* Extracted records
════════
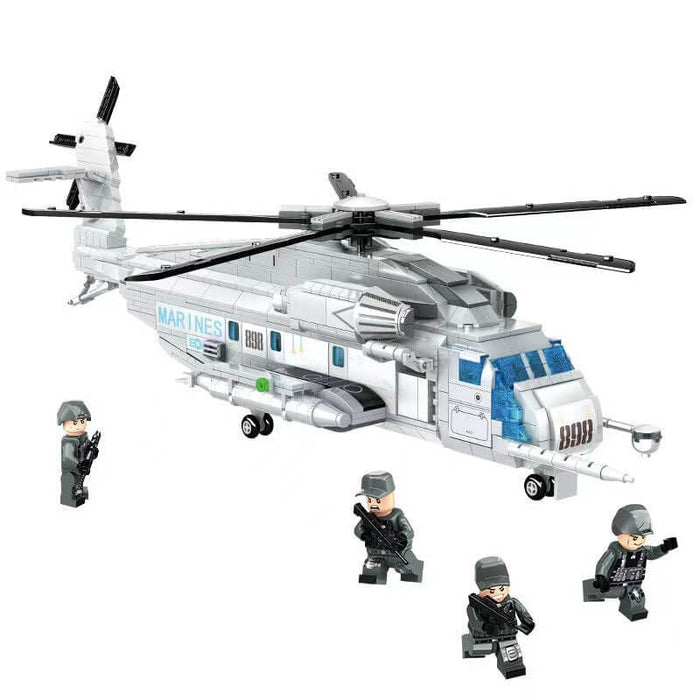 WOMA C0898 CH53E Stallion Transport Helicopter WOMA
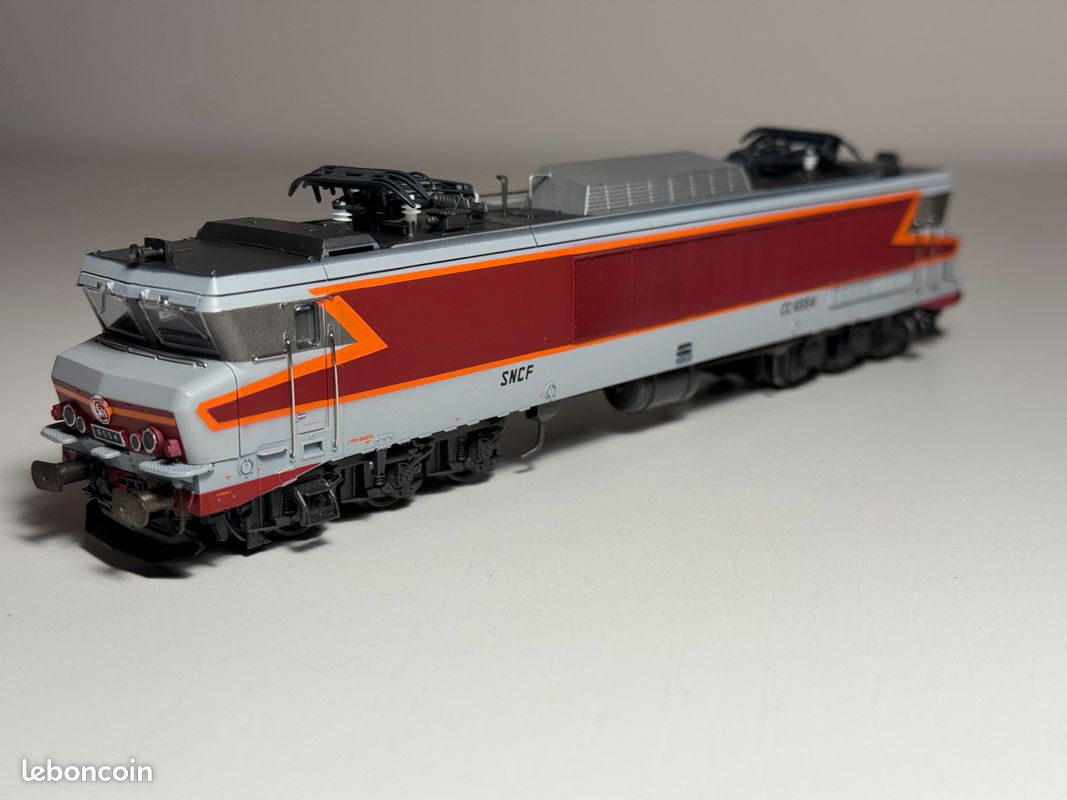 CC6500 : Qu'est-ce qui fait des Locomotives SNCF des Légendes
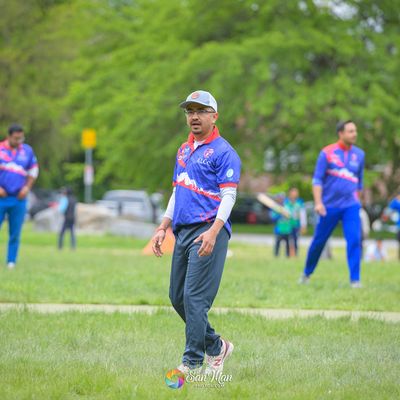 Cricket tournament Boston & Virginia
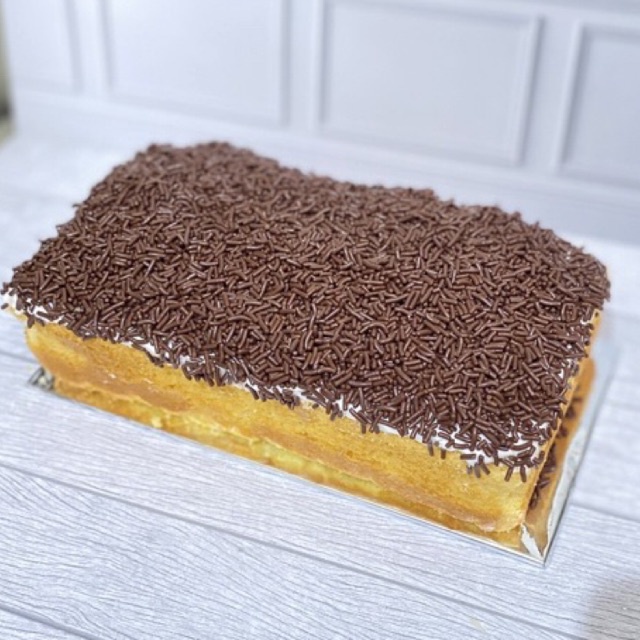 Jual Cake Jadul with Premium Butter 10x20 Shopee Indonesia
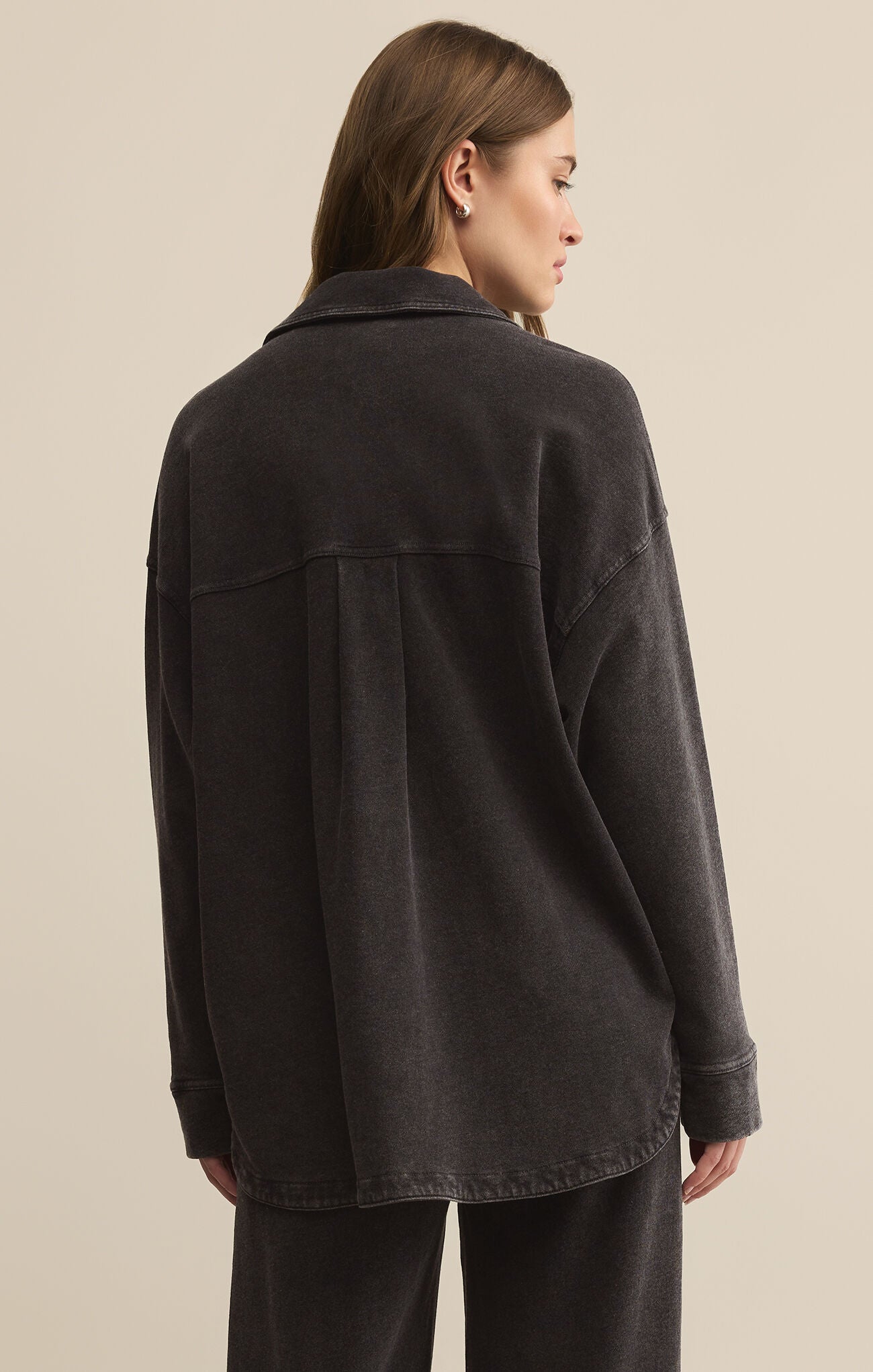 【AAKE】UNBALANCE DENIM JK Zay's Denim Distressed Jean Jacket – Alden+Rose LLC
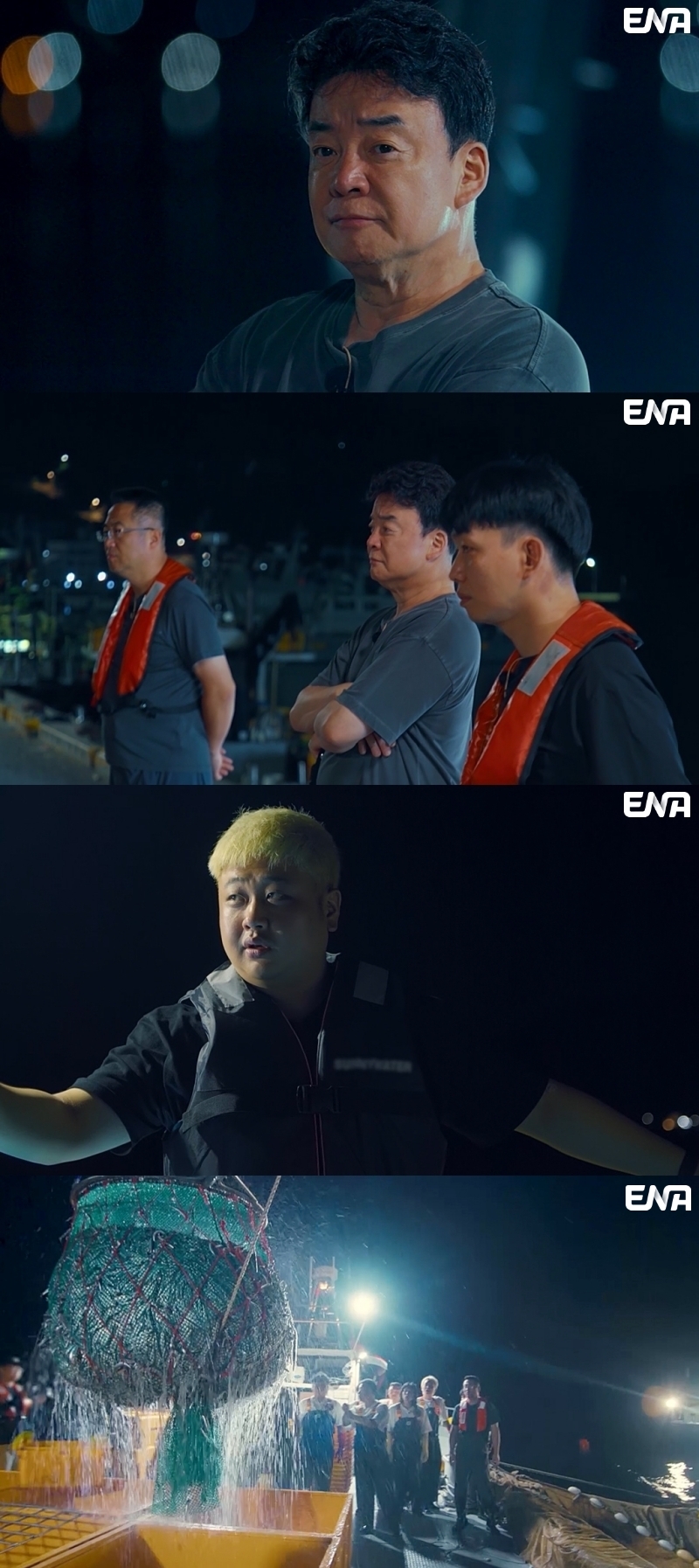 '<b>레미제라블</b>' <b>백종원</b> "뛰어!" 불호령에 바다로…깜짝 미션은?[Ce:스포]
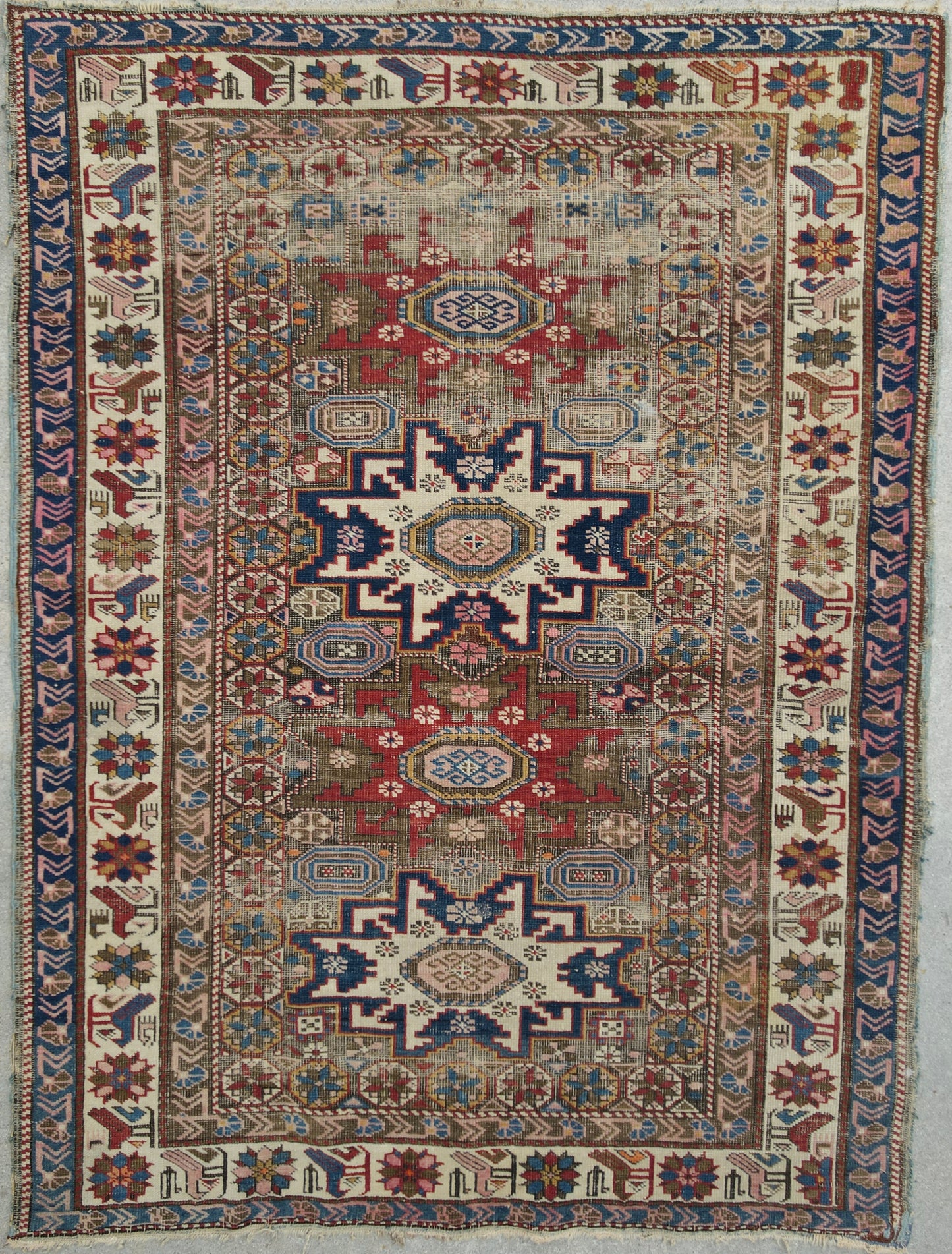 Explore our exquisite collection of handmade rugs, ranging from antique and vintage to modern designs. Each rug is a testament to skilled craftsmanship, offering timeless beauty and elegance. Elevate your space with the warmth and artistry of our handcrafted carpets.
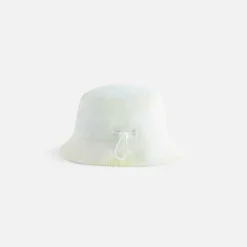 Kith Kids Seersucker Tie Dye Bucket Hat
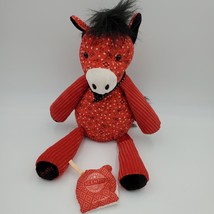 Scentsy Buddy Bandit the Horse Plush with Scent Pack EUC Retired 2015 - £15.56 GBP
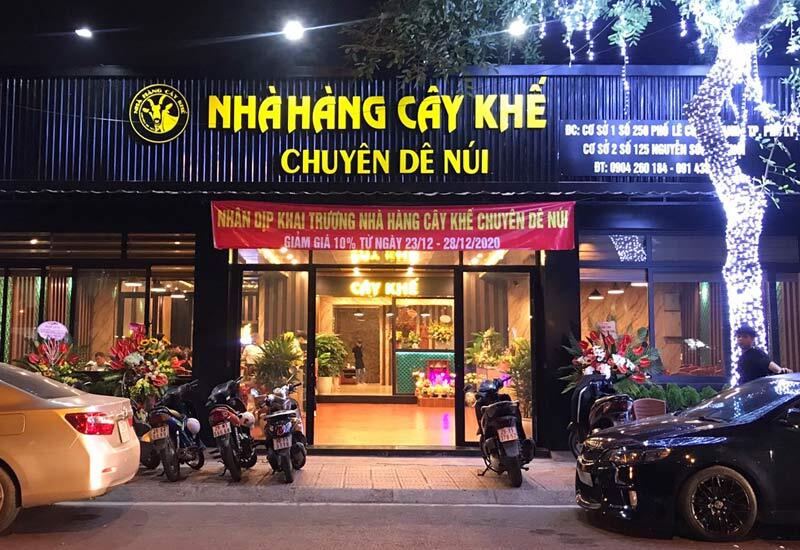 Top 10 nhà hàng Hà Nam ngon quên lối về không nên bỏ qua - Ảnh đại diện
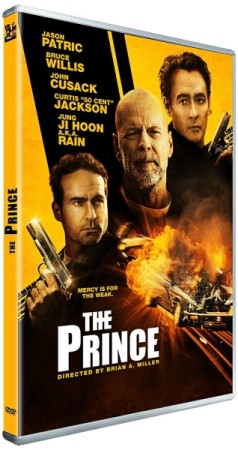 The prince  - DVD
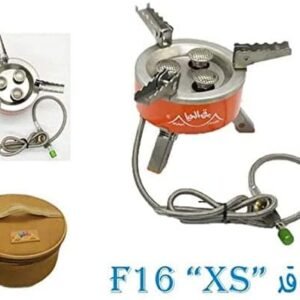 موقد غاز 3 عيون للسفر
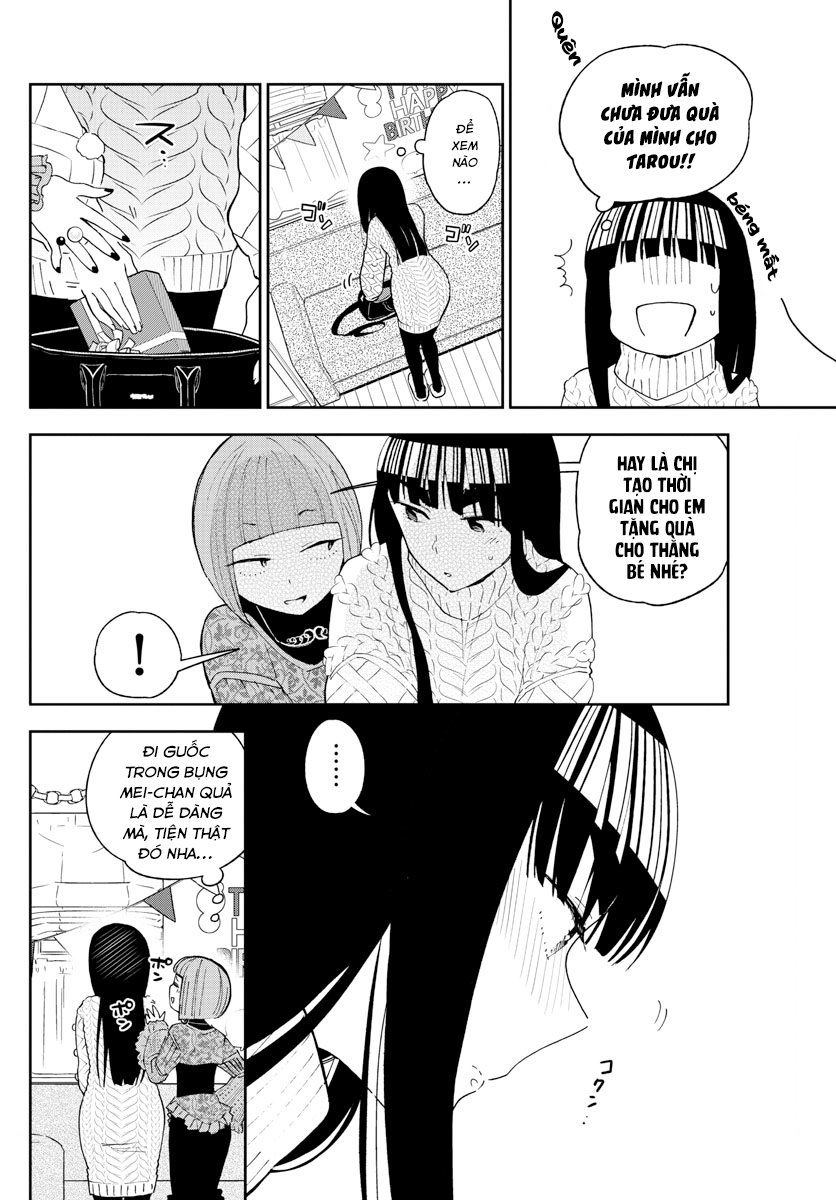 Hatsukoi Zombie Chapter 119 - Trang 2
════════
* Goal of the exercise
Restate word for word the lines from the line with "Scentsy Buddy Bandit" to the last line of the records above, inclusive, and omit every picture.

* Task result
 Scentsy Buddy Bandit the Horse Plush with Scent Pack EUC Retired 2015 - £15.56 GBP
 Top 10 nhà hàng Hà Nam ngon quên lối về không nên bỏ qua - Ảnh đại diện
 The prince  - DVD
 موقد غاز 3 عيون للسفر
 Hatsukoi Zombie Chapter 119 - Trang 2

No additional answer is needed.